3.4. Organizational memory as technically constrained The second set of constraints is technical, although they also invoke organizational issues. The limitations of current computer technologies are well known, and so I provide only a few examples. One example is that an organizational memory system (OMS) is dependent on particular types of data. Since

system boundaries follow what could be perceived as artificial boundaries in data collection and storage, the goal of a unified organizational memory may prove to be impossible. These boundaries in data collection and storage reflect the technical realities in system development, and they require the fragmentation of the idealized organizational memory into separate, perhaps overlapping databases of information with all of the concomitant problems. Similar issues surround indexing and retrieval, as well as scaling. One of the most difficult problems for any OMS will be classifying and indexing the information.
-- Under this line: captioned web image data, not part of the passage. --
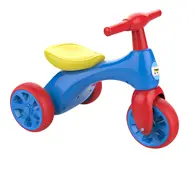 在飛比找TAAZE讀冊生活優惠-童騎士-三輪學步車(紅藍配色)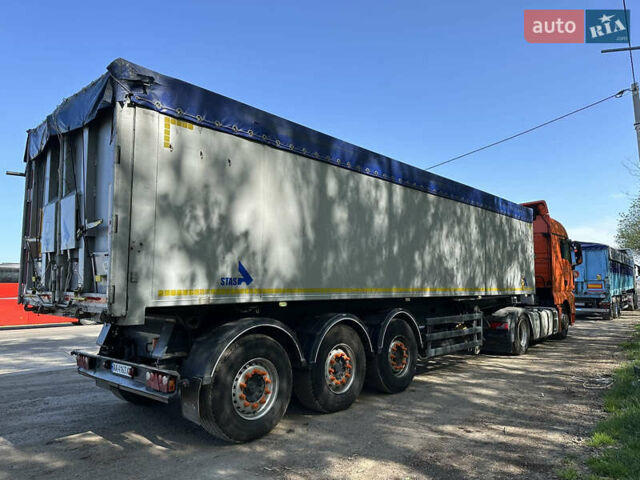 Серый СТАС SA 33-9K, объемом двигателя 0 л и пробегом 500 тыс. км за 23000 $, фото 14 на Automoto.ua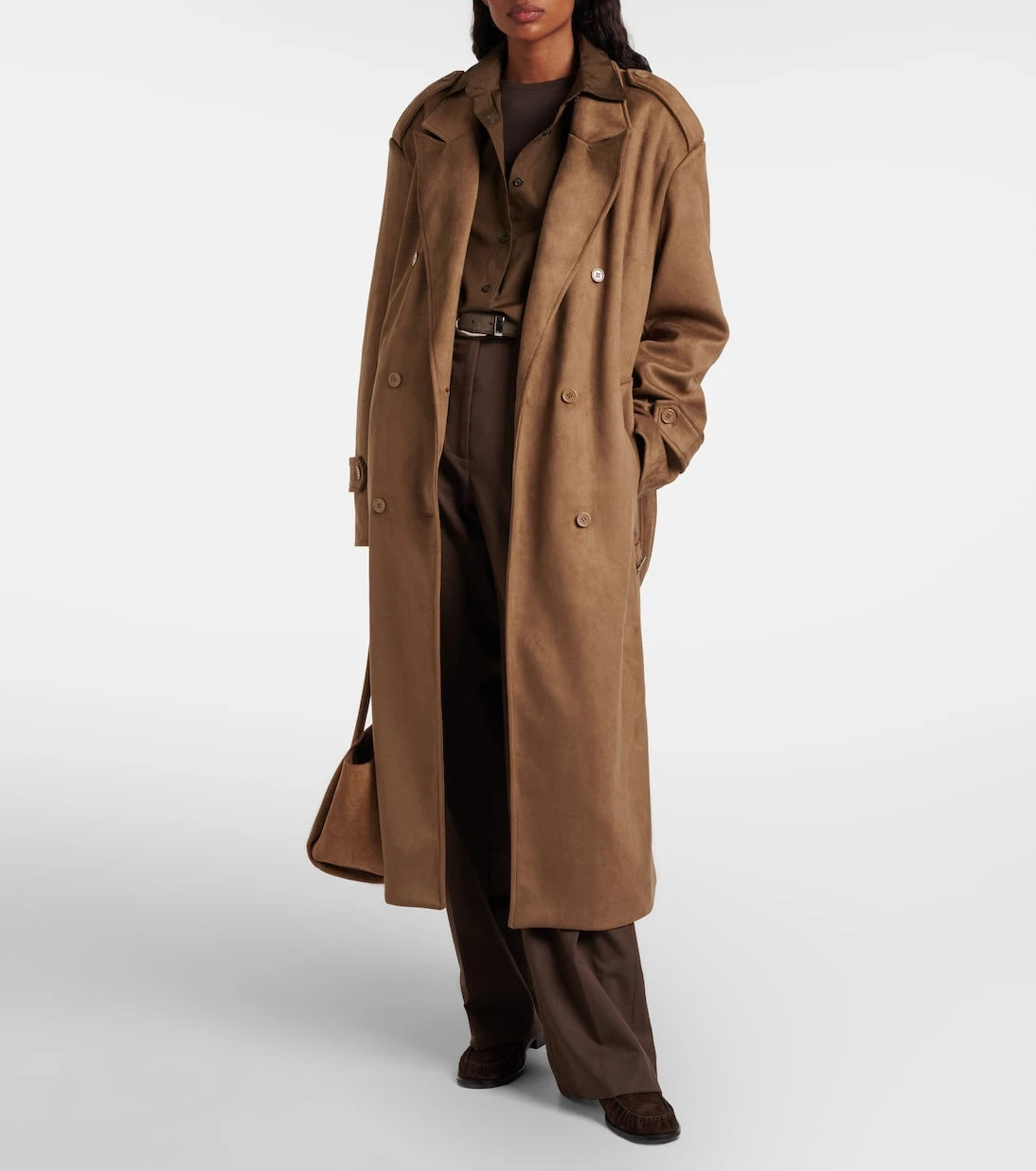 The Frankie Shop - Pembroke trench coat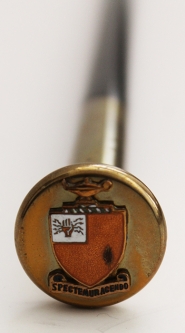 Nice, Mid-1950's USAREUR (US Army Europe) Signal School Instructor's Swagger Stick. German-M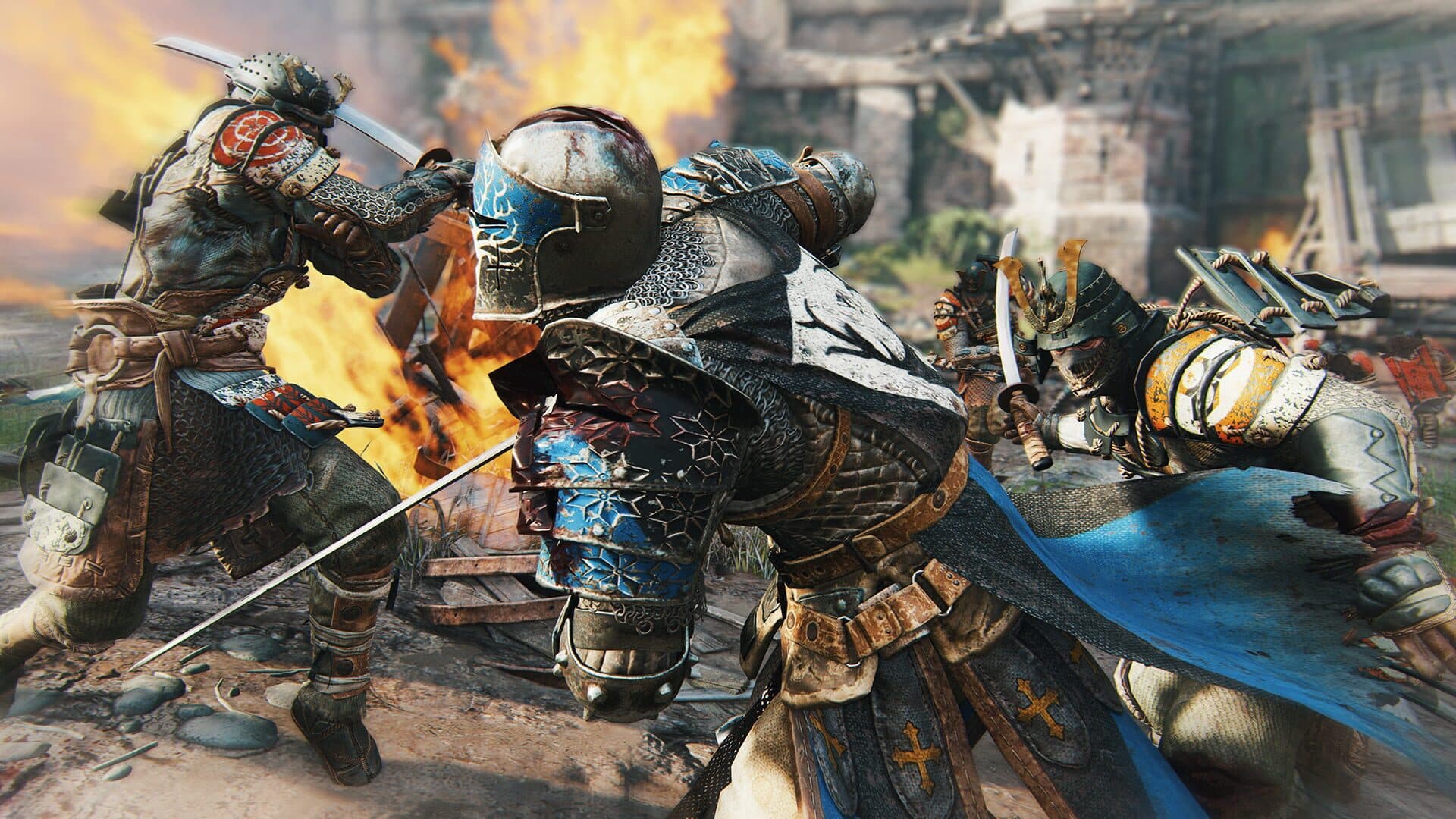 For Honor screenshot 10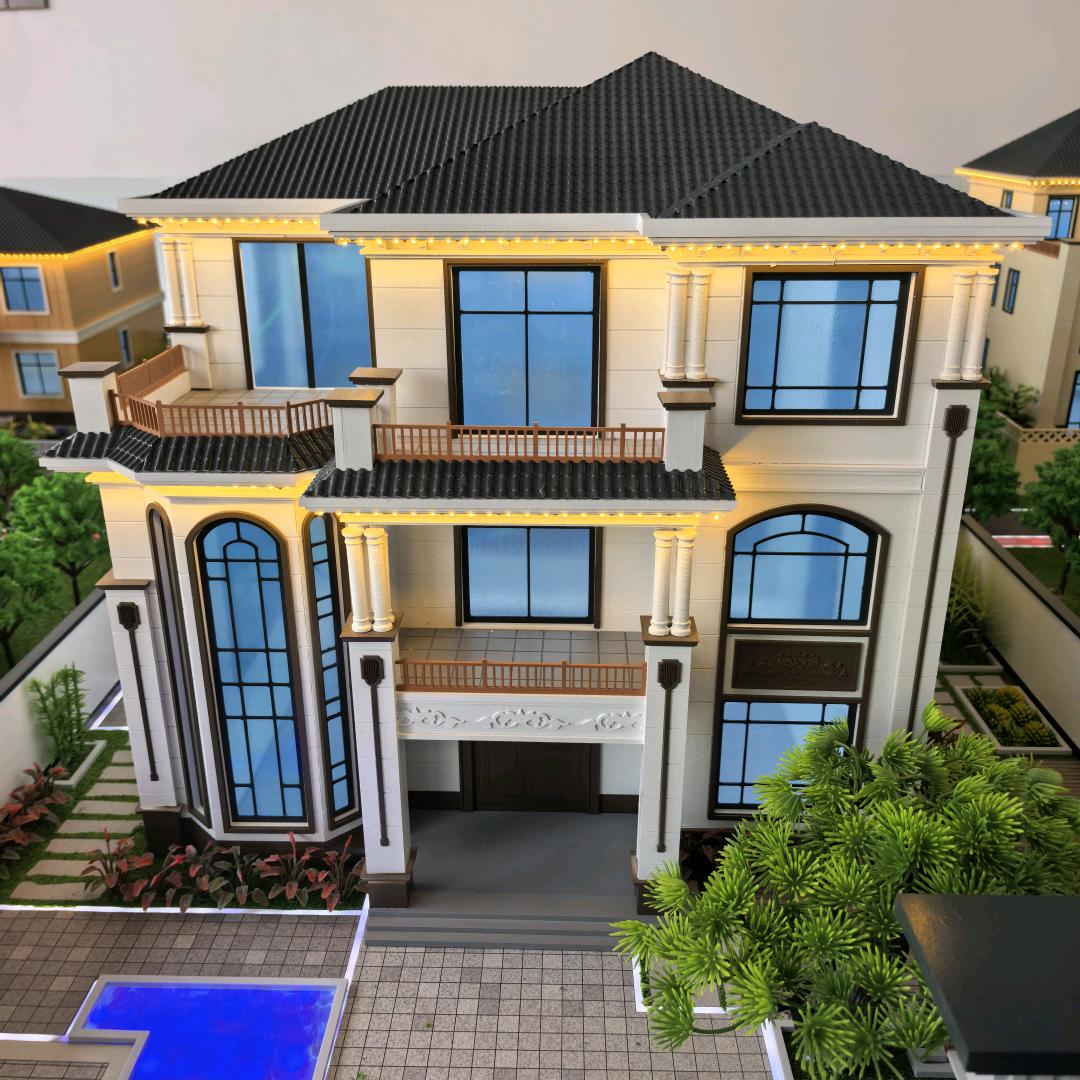 佳之墅专业建别墅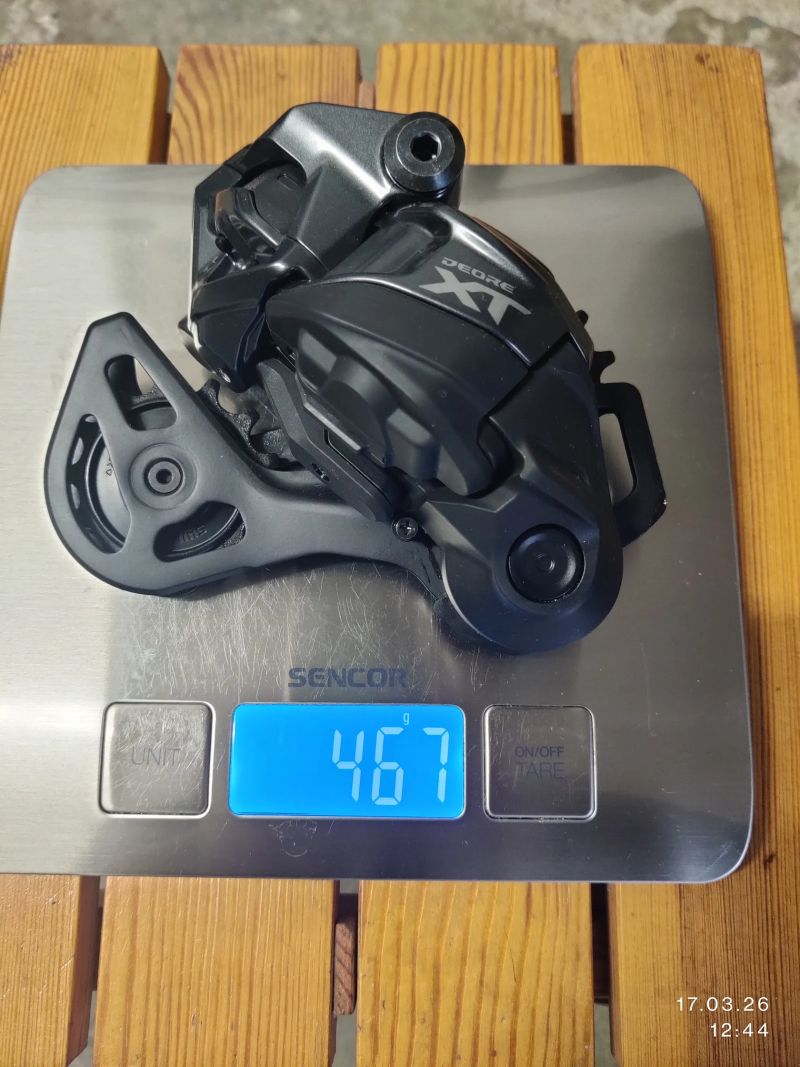 Shimano XT RD-M8250 GS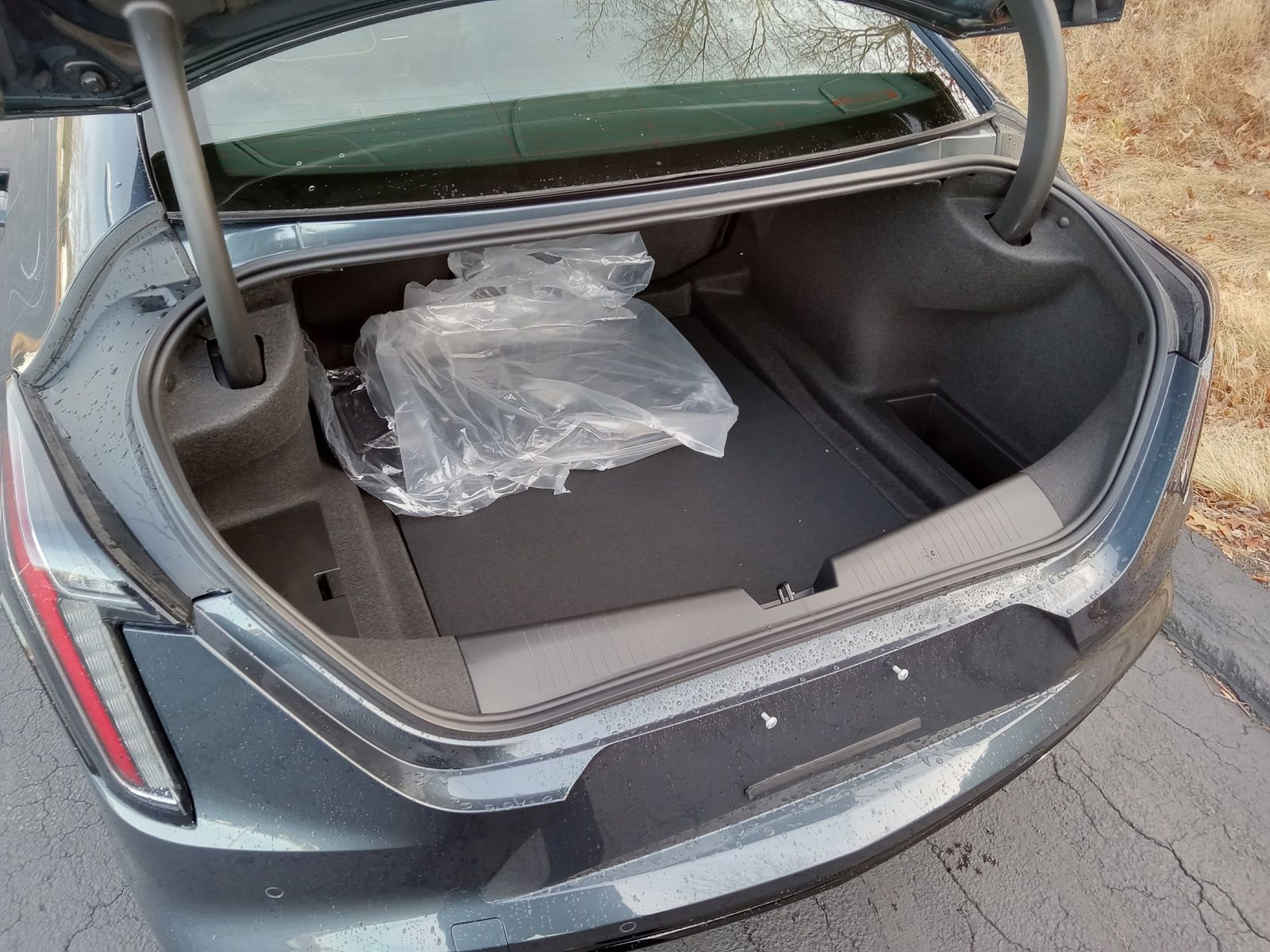 New 2026 Cadillac CT4 Sport image 23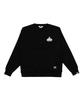 BEN DAVIS Original Cotton Sweatshirt Black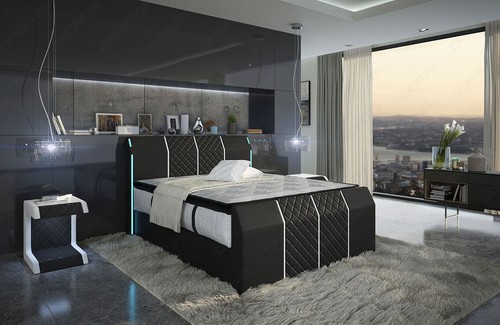 Letto sommier letto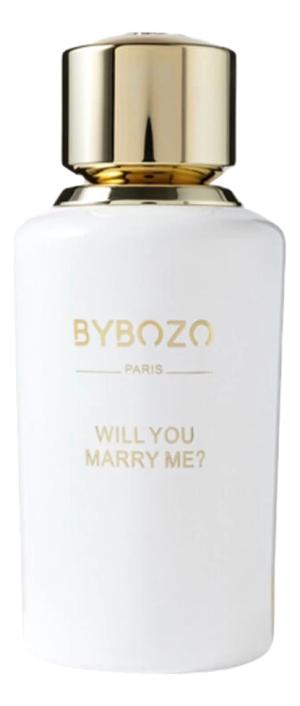 BYBOZO Will You Marry Me?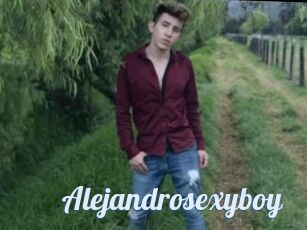Alejandrosexyboy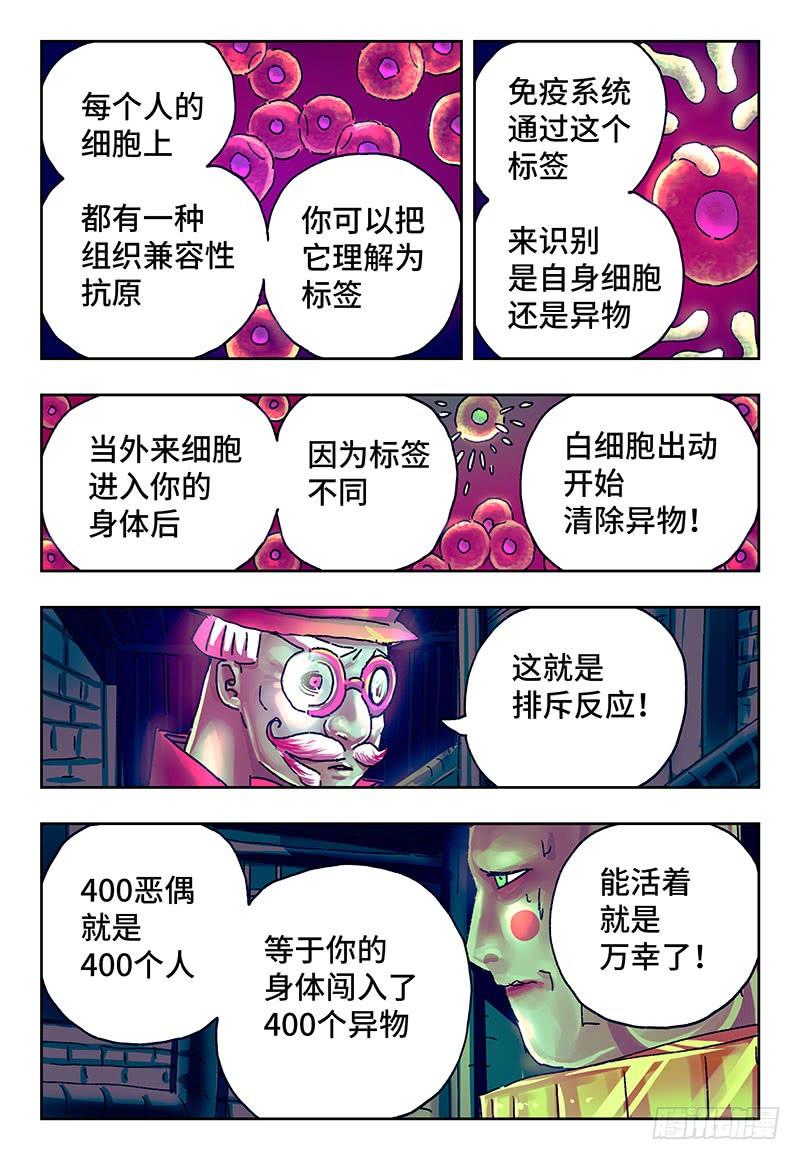 恶偶 (天才玩偶)二百零六话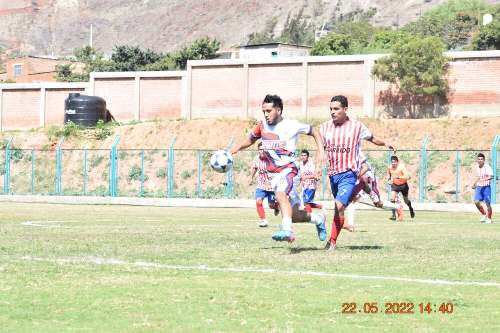 Acabó primera ronda de la etapa provincial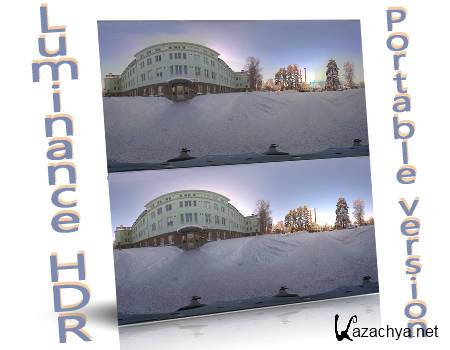 Portable Luminance HDR 2.0.1 (Multi/Rus)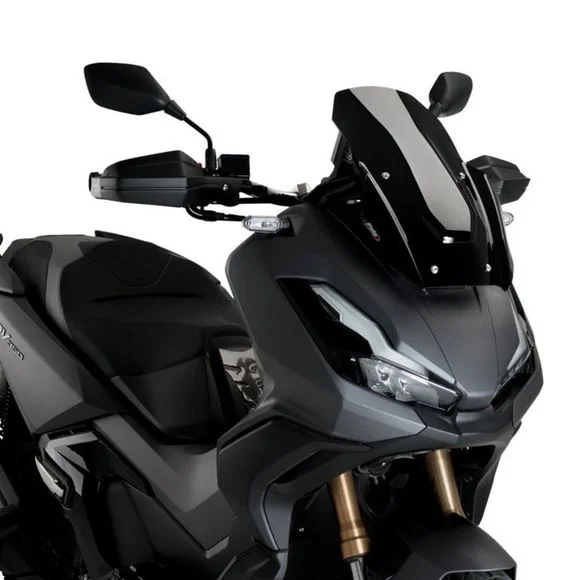 Bulle Puig SPORT – NoirHONDA 350 ADV 350 – 2022 – 2025Ref : PUI0289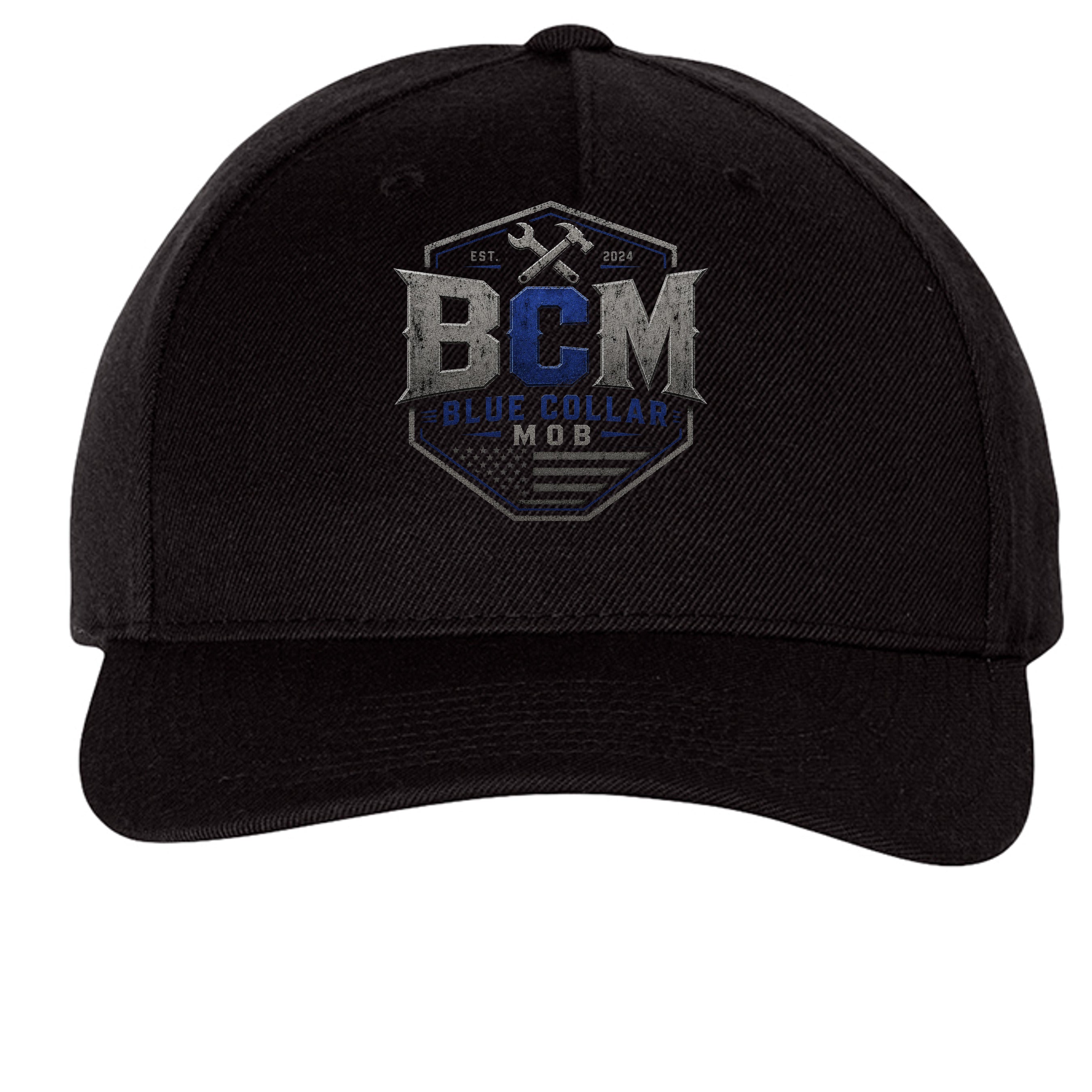 Black - 5789M - FRONT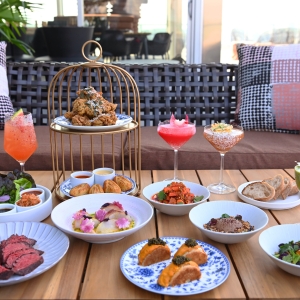HUDSON VU Rooftop-Now Open Photo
While indexing is expensive, there are numerous problems in full-text retrieval. (See [7] for an excellent treatment of this dilemma.) This is true even for groups [6], although the problem is particularly acute for organizations. It may be virtually impossible to construct one data or knowledge ontology for a large organization given the various language worlds that exist. As much as there is a gap between the idealized view of organizational memory and the organizationally constrained possibilities, there is an even larger gap between the idealized view and the realities of information systems.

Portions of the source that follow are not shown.